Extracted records
- - - - -
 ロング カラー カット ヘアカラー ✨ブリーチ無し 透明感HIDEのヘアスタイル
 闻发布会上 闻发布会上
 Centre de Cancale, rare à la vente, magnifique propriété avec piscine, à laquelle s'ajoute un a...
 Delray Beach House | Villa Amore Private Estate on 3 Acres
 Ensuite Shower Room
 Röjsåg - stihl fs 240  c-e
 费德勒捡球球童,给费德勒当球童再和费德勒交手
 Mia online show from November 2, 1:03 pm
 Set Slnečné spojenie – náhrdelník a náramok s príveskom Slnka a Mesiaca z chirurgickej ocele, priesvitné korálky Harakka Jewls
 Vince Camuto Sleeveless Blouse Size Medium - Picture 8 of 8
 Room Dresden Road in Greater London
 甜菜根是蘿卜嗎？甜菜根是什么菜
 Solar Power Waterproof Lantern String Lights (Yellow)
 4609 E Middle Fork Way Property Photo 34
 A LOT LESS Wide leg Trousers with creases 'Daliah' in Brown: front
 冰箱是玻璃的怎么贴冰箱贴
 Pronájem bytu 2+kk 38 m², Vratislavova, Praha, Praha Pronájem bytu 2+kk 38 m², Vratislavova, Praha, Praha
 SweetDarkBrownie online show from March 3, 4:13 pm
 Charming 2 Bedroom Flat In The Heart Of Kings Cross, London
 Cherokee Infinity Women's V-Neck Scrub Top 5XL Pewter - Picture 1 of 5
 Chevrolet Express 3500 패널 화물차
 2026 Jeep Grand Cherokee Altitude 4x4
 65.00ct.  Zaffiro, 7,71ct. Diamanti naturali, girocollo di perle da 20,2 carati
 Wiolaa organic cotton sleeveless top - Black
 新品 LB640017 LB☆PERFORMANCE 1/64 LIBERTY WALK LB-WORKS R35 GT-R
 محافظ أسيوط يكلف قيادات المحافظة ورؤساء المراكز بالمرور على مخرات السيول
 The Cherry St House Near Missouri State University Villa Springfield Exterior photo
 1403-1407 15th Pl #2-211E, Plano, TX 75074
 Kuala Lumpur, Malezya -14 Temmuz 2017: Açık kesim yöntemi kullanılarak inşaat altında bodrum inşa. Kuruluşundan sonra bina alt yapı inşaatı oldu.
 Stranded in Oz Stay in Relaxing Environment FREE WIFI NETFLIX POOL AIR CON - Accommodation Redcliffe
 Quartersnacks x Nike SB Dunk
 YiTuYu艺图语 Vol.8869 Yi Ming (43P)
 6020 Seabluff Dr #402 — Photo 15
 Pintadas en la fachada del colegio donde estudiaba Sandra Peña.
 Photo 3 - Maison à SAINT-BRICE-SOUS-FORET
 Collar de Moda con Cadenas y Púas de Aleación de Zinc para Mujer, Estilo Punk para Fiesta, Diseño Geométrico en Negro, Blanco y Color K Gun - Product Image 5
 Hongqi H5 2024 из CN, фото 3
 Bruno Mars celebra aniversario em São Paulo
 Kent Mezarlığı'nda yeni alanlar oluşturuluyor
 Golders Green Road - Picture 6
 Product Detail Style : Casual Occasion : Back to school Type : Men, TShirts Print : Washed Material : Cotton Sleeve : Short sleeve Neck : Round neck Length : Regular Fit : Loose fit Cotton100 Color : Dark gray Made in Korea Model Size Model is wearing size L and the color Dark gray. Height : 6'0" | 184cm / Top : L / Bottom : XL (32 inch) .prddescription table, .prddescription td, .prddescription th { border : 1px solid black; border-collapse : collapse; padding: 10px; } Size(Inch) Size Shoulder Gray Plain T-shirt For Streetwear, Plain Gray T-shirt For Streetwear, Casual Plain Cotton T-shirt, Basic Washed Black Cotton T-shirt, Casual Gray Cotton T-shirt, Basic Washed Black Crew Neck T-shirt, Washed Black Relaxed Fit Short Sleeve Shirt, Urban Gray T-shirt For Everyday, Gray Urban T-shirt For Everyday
- - - - -
### [Task to carry out]
Transcribe each record exactly as it is written above.

### [Written answer]
 ロング カラー カット ヘアカラー ✨ブリーチ無し 透明感HIDEのヘアスタイル
 闻发布会上 闻发布会上
 Centre de Cancale, rare à la vente, magnifique propriété avec piscine, à laquelle s'ajoute un a...
 Delray Beach House | Villa Amore Private Estate on 3 Acres
 Ensuite Shower Room
 Röjsåg - stihl fs 240  c-e
 费德勒捡球球童,给费德勒当球童再和费德勒交手
 Mia online show from November 2, 1:03 pm
 Set Slnečné spojenie – náhrdelník a náramok s príveskom Slnka a Mesiaca z chirurgickej ocele, priesvitné korálky Harakka Jewls
 Vince Camuto Sleeveless Blouse Size Medium - Picture 8 of 8
 Room Dresden Road in Greater London
 甜菜根是蘿卜嗎？甜菜根是什么菜
 Solar Power Waterproof Lantern String Lights (Yellow)
 4609 E Middle Fork Way Property Photo 34
 A LOT LESS Wide leg Trousers with creases 'Daliah' in Brown: front
 冰箱是玻璃的怎么贴冰箱贴
 Pronájem bytu 2+kk 38 m², Vratislavova, Praha, Praha Pronájem bytu 2+kk 38 m², Vratislavova, Praha, Praha
 SweetDarkBrownie online show from March 3, 4:13 pm
 Charming 2 Bedroom Flat In The Heart Of Kings Cross, London
 Cherokee Infinity Women's V-Neck Scrub Top 5XL Pewter - Picture 1 of 5
 Chevrolet Express 3500 패널 화물차
 2026 Jeep Grand Cherokee Altitude 4x4
 65.00ct.  Zaffiro, 7,71ct. Diamanti naturali, girocollo di perle da 20,2 carati
 Wiolaa organic cotton sleeveless top - Black
 新品 LB640017 LB☆PERFORMANCE 1/64 LIBERTY WALK LB-WORKS R35 GT-R
 محافظ أسيوط يكلف قيادات المحافظة ورؤساء المراكز بالمرور على مخرات السيول
 The Cherry St House Near Missouri State University Villa Springfield Exterior photo
 1403-1407 15th Pl #2-211E, Plano, TX 75074
 Kuala Lumpur, Malezya -14 Temmuz 2017: Açık kesim yöntemi kullanılarak inşaat altında bodrum inşa. Kuruluşundan sonra bina alt yapı inşaatı oldu.
 Stranded in Oz Stay in Relaxing Environment FREE WIFI NETFLIX POOL AIR CON - Accommodation Redcliffe
 Quartersnacks x Nike SB Dunk
 YiTuYu艺图语 Vol.8869 Yi Ming (43P)
 6020 Seabluff Dr #402 — Photo 15
 Pintadas en la fachada del colegio donde estudiaba Sandra Peña.
 Photo 3 - Maison à SAINT-BRICE-SOUS-FORET
 Collar de Moda con Cadenas y Púas de Aleación de Zinc para Mujer, Estilo Punk para Fiesta, Diseño Geométrico en Negro, Blanco y Color K Gun - Product Image 5
 Hongqi H5 2024 из CN, фото 3
 Bruno Mars celebra aniversario em São Paulo
 Kent Mezarlığı'nda yeni alanlar oluşturuluyor
 Golders Green Road - Picture 6
 Product Detail Style : Casual Occasion : Back to school Type : Men, TShirts Print : Washed Material : Cotton Sleeve : Short sleeve Neck : Round neck Length : Regular Fit : Loose fit Cotton100 Color : Dark gray Made in Korea Model Size Model is wearing size L and the color Dark gray. Height : 6'0" | 184cm / Top : L / Bottom : XL (32 inch) .prddescription table, .prddescription td, .prddescription th { border : 1px solid black; border-collapse : collapse; padding: 10px; } Size(Inch) Size Shoulder Gray Plain T-shirt For Streetwear, Plain Gray T-shirt For Streetwear, Casual Plain Cotton T-shirt, Basic Washed Black Cotton T-shirt, Casual Gray Cotton T-shirt, Basic Washed Black Crew Neck T-shirt, Washed Black Relaxed Fit Short Sleeve Shirt, Urban Gray T-shirt For Everyday, Gray Urban T-shirt For Everyday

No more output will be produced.